Saturday, July 23, 2011
Will My wife and I still Enjoy Our Retirement Years?
Congress has until August 2 to raise the debt limit. If that does not happen, the federal government will have to make some tough choices on which bills to pay beginning August 3.
President Obama has warned that if the debt ceiling is not raised, Social Security checks may not go out in August. Obama also continues to warn that we may default on our debt if the debt ceiling is not raised.
Rep. Louie Gohmert (R-Texas), a member of the House Tea Party Caucus, accused Obama of using “scare tactics,” and said that Obama is getting bad advice from people who are “lying” to him.
“There is money there regardless of what we do,” said Gohmert.
Others in the Tea Party Caucus also take the view that the debt ceiling does not need to be raised. Rep. Michele Bachmann, for instance, emphatically said in one of her presidential campaign ads that she will not vote for a debt ceiling increase.
Who is right? Will we default on our debt on August 3? Can we maintain our current level of debt without dire consequences?
An analysis of these questions was conducted by the Bipartisan Policy Center, a think tank founded by two retired Republican Senators, Howard Baker and Bob Dole, and two retired Democratic Senators, Tom Daschle and George Mitchell.
According to its report, the federal government will receive about $172 billion and have bills totaling about $307 billion in August. This leaves a shortfall of about $135 billion.
To keep from defaulting on our nation's debt obligations, the Treasury Department would first need to pay the interest on the treasury bills due in August, which will be about $29 billion. Since there will be $172 billion in revenue in August, there will be more than enough money to pay the nation's debt obligations and there will not be a default.

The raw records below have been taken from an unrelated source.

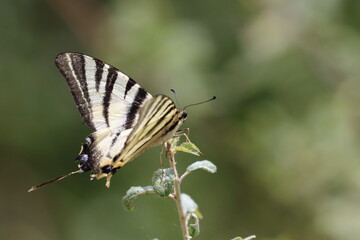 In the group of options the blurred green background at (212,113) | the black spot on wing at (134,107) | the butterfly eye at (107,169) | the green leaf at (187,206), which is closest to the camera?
the green leaf at (187,206)

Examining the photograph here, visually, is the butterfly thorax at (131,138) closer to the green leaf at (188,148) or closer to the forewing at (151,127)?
the forewing at (151,127)

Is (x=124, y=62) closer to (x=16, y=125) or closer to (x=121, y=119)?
(x=16, y=125)

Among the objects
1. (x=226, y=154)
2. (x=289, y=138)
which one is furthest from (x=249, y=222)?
(x=289, y=138)

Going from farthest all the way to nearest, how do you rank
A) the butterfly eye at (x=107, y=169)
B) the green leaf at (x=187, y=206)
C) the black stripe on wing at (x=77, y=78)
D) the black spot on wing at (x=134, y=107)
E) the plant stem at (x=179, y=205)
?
the black spot on wing at (x=134, y=107), the black stripe on wing at (x=77, y=78), the butterfly eye at (x=107, y=169), the green leaf at (x=187, y=206), the plant stem at (x=179, y=205)

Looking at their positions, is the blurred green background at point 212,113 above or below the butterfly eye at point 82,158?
above

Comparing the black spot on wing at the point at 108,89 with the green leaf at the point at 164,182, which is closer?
the green leaf at the point at 164,182

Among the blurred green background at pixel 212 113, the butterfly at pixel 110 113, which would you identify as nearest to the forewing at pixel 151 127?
the butterfly at pixel 110 113
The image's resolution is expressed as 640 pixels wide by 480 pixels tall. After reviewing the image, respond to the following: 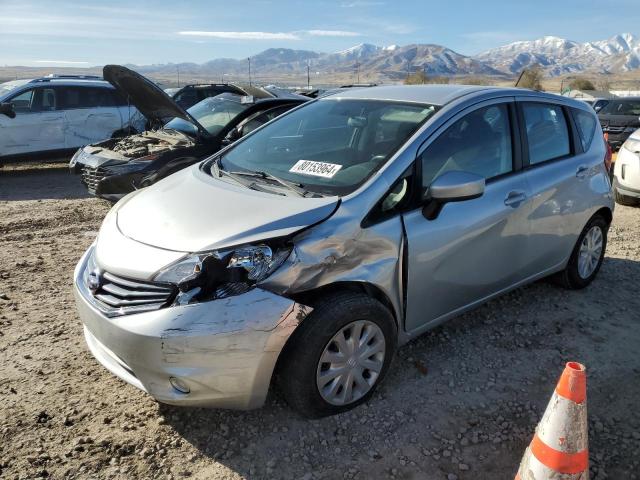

Jay Powell, who served as Under Secretary of the Treasury under George H. W. Bush and is a Visiting Scholar at the Bipartisan Policy Center, made this point in an interview on The Newshour.
“There's always going to be enough money to pay the interest on the debt, and it's very unlikely that there will be an actual debt default,” said Powell.
Tea Party Republicans are correct, therefore, when they say that there will be enough revenue to avoid a default. What about Social Security payments?
Social Security payments in the month of August will be about $49 billion. If we subtract the interest on the debt ($29 billion) from August revenue ($172 billion), we are left with $143 billion, more than enough to send out Social Security checks.
Tea Party Republicans are correct again. There will be enough revenue in August to avoid default and to make sure seniors get their Social Security checks.
The available options after those payments are made, however, with only $94 billion left, get more difficult. As Powell points out, we may not default on debt, but we will “default on lots and lots of very important payments.”
Treasury Secretary Timothy Geithner will be in the unenviable position of trying to decide which payments will be made and which will not be made.
Note: My wife and I and the 60,114,000 social security recipients will be very unhappy if we do not get our SS check next month. Congress and President Obama( if he wants to be reelected in 2012) will not dare starve more than 60 million US citizens next month. Senior Citizens, let us unite to keep our SS payments on time.
Will my wife and I still enjoy our retirement years? We are dependent on our SS checks, so Congress and President Obama, you better do your job or else there will be a revolt in your hands!